16. Ainsi, quoique la raison ne nous puisse point apprendre le détail du grand avenir réservé à la révélation, nous pouvons être assurés par cette même raison que les choses sont faites d’une manière qui passe nos souhaits. Dieu étant aussi la plus parfaite et la plus heureuse, et par conséquent la plus aimable des substances, et l’amour pur véritable consistant dans l’état qui fait goûter du plaisir dans les perfections et dans la félicité de ce qu’on aime, cet amour doit nous donner le plus grand plaisir dont on puisse être capable, quand Dieu en est l’objet.

17. Et il est aisé de l’aimer comme il faut, si nous le connaissons comme je viens de dire. Car, quoique Dieu ne soit point sensible à nos sens externes, il ne laisse pas d’être très aimable, et de donner un très grand plaisir. Nous voyons combien les honneurs font plaisir aux hommes, quoiqu’ils ne consiste point dans les qualités des sens extérieurs.

Les martyrs et les fanatiques, quoique l’affection de ces derniers soit mal réglée, montrent ce que peut le plaisir de l’esprit ; et, qui plus est, les plaisirs mêmes des sens se réduisent à des plaisirs intellectuels confusément connus.

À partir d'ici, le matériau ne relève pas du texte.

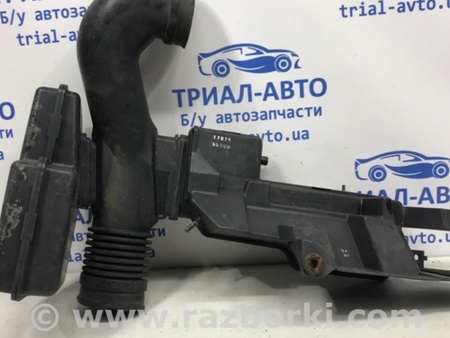 ФОТО Воздухозаборник для Toyota Land Cruiser 100 Киев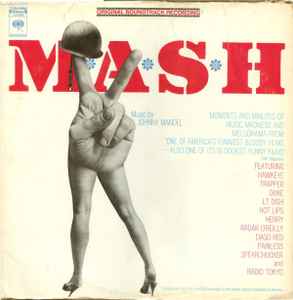 Johnny Mandel - M*A*S*H (Original Soundtrack Recording) album cover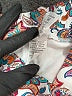 Sunsets Paisley Ivory Swimsuit Bottoms Size 12 - photo 4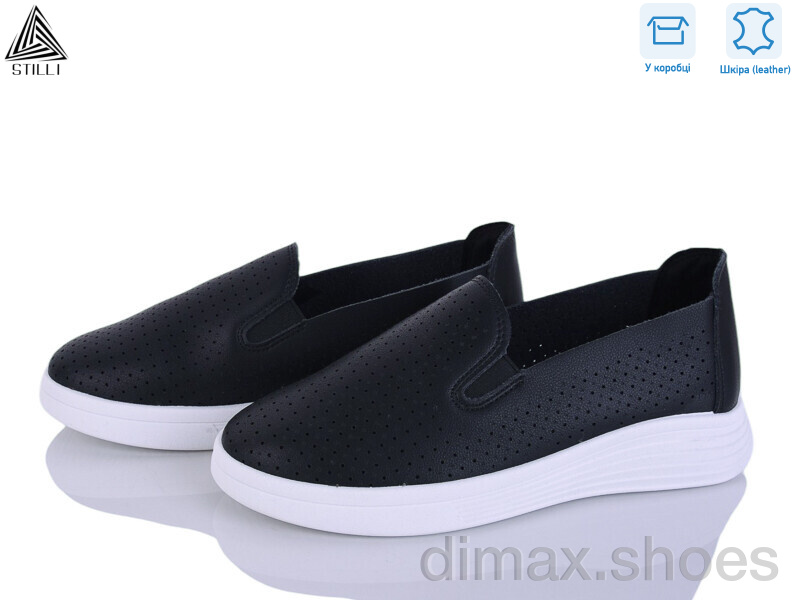 STILLI Group DR30-2 шкіра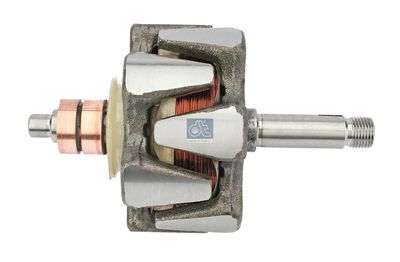 Rotor, alternador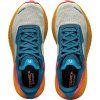 Pánské běžecké boty TECNICA Pyrox Hybrid Ms, ice grey/blue (Velikost 39,5)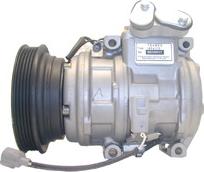 Friesen FRC34811 - Компресор, кондиціонер autozip.com.ua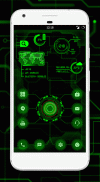 Circuit Launcher - Lock App screenshot 0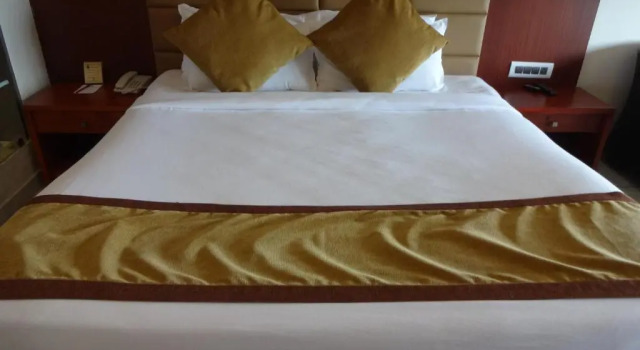 Двухместный номер Deluxe Paramount Tower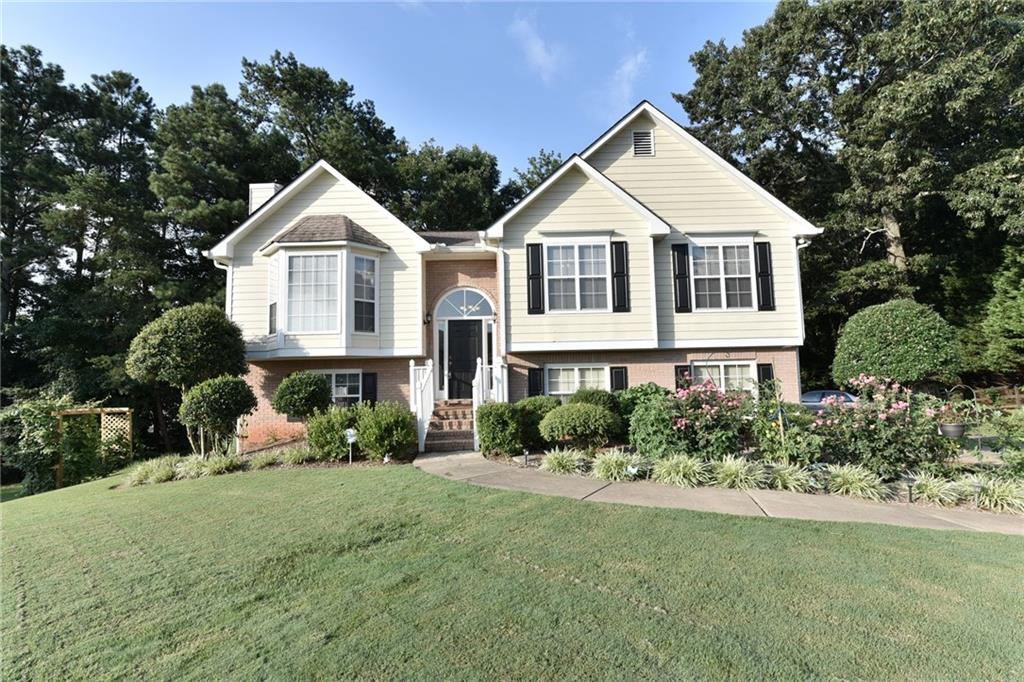 2565 Valley Ridge Drive Cumming, GA 30040 - Photo 1 of 1 Gallery Image 1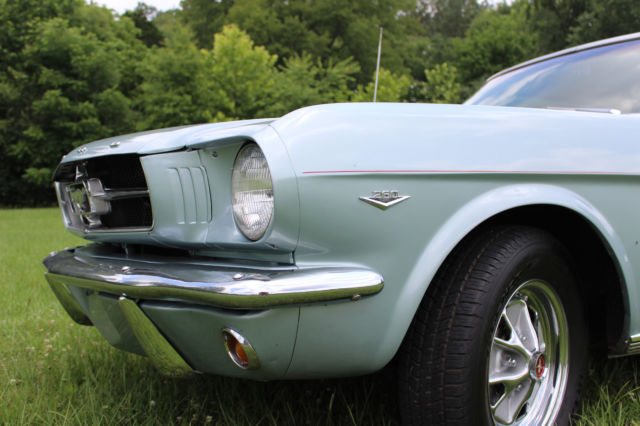 1964 Ford Mustang - photo 5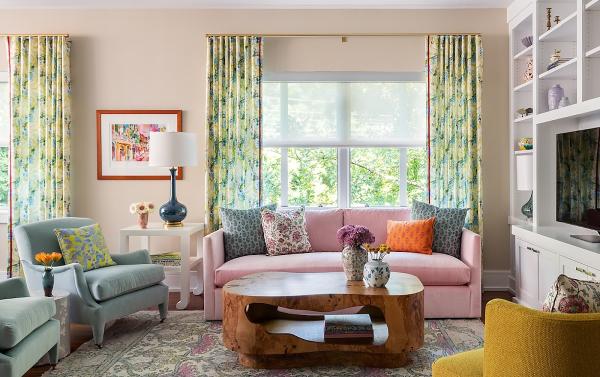 Michelle Gage Interiors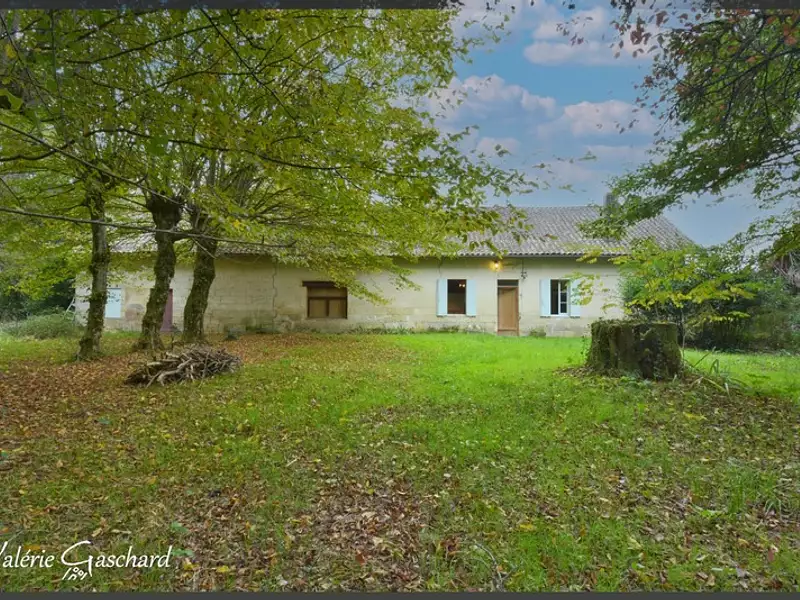 Maison, 250 m²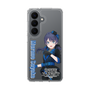 スリムプロテクションケース［ ラブライブ！蓮ノ空女学院スクールアイドルクラブ - 村野 さやか - ユニット衣装 ］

La musique nous charme, quoique sa beauté ne consiste que dans les convenances des nombres, et dans le compte dont nous ne nous apercevons pas, et que l’âme ne laisse pas de faire, des battements ou vibrations des corps sonnants, qui se rencontrent par certains intervalles. Les plaisirs que la vue trouve dans les proportions sont de la même nature ; et ceux que causent les autres sens reviendront à quelque chose de semblable, quoique nous ne puissions pas l’expliquer si distinctement.